Merkez Bankası Başkanı Murat Uysal, “Risk primi ve finansal oynaklıkların önümüzdeki dönem azalacağını öngörüyoruz” dedi.
Ankara Sanayiciler Odası’nda Meclis toplantısında konuşan Uysal, Artan ticaret gerilimlerinin, küresel büyüme ve para politikaları üzerinde belirgin yansımalarının olduğu bir konjonktürden geçiyoruz. Bu durum, ticaret ve sermaye akımları kanalıyla, Türkiye de dâhil olmak üzere gelişmekte olan ülkelerde önemli etkiler oluşturma potansiyeline sahip. Nitekim son dönemde küresel büyümedeki yavaşlama eğiliminin belirginleştiğini ve bu ivme kaybının en önemli dış ticaret ortağımız olan Avrupa Birliği ülkeleri için daha belirgin olduğunu görmekteyiz. Bu yavaşlama Avrupa Birliği’yle yaptığımız ticareti etkilese de firmalarımızın pazar ve ürün çeşitlendirme esnekliği ve rekabet kazanımları sayesinde ihracatımızdaki güçlü seyir devam etmekte” diye konuştu.

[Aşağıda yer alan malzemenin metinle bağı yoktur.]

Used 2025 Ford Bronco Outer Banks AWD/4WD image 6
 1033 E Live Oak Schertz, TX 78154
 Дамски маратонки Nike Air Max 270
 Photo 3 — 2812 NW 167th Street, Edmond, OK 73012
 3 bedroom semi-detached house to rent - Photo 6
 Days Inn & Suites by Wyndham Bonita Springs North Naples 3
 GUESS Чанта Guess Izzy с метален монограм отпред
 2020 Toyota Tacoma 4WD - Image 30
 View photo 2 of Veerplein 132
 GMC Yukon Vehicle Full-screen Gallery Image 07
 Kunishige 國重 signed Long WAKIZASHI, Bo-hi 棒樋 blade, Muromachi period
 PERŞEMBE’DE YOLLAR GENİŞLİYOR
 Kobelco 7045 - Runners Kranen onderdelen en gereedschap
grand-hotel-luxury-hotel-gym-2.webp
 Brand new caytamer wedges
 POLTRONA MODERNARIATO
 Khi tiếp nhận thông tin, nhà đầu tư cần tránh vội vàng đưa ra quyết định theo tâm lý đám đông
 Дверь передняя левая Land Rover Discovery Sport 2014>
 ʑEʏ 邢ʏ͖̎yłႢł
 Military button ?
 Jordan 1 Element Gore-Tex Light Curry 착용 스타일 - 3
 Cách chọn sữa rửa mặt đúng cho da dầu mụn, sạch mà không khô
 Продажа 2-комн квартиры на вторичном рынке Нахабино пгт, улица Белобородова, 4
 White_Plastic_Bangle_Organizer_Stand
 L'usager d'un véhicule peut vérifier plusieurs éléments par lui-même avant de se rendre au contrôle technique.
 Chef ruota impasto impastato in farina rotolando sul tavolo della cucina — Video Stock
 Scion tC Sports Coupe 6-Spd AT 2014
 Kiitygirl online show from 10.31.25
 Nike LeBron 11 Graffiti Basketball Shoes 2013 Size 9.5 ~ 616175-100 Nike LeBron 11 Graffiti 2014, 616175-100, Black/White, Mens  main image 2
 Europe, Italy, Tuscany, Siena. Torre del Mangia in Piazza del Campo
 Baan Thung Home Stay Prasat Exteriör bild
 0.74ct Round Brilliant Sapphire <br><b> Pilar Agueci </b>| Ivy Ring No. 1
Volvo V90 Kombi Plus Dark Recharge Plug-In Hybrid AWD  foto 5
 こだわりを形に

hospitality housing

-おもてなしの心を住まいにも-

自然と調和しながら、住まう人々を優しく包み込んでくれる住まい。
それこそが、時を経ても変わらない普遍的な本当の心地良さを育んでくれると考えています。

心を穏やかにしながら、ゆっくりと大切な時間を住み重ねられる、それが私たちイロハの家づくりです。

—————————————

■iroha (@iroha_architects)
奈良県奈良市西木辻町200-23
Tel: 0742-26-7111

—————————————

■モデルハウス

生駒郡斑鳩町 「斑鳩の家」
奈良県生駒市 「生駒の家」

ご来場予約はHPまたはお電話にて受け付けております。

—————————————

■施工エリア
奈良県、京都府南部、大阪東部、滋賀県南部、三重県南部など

Uysal, “ Diğer taraftan, küresel enflasyonun ılımlı seyri genişleyici para politikası adımlarıyla risk iştahını ve gelişmekte olan ülkelere yönelik portföy akımlarını destekliyor. Ancak, gerek ticaret anlaşmazlıklarına ilişkin belirsizliklere gerekse jeopolitik gelişmelere bağlı olarak gelişmekte olan ülkelere yönelen portföy akımlarının dalgalı ve zayıf bir seyir izlediğini görüyoruz. Dış finansman koşulları ekonomimizi risk primi, kur ve beklenti kanalı üzerinden etkilediğinden küresel gelişmeler ve sermaye akımları üzerindeki etkilerini yakından takip ediyoruz” ifadesini kullandı.
Uysal şöyle konuştu:
“Yurt içi gelişmelere bakıldığında, iktisadi faaliyetin 2018 yılının ikinci çeyreğinden itibaren dengelenme sürecine girdiğini görüyoruz. Geçen yılın ikinci yarısındaki daralmanın ardından Gayrı Safi Yurtiçi Hasıla’da, 2019 yılının ilk yarısında ılımlı bir toparlanma gözledik. Dengelenme sürecinde net ihracatın büyümeye katkısı tarihsel olarak en yüksek düzeylerine ulaşarak iktisadi faaliyetteki yavaşlamayı önemli ölçüde sınırladı. Büyüme kompozisyonundaki bu değişim, dış dengede belirgin bir iyileşmeye neden olarak 12-aylık birikimli cari işlemler dengesinin 2002 yılından bu yana ilk kez fazla vermesini sağladı.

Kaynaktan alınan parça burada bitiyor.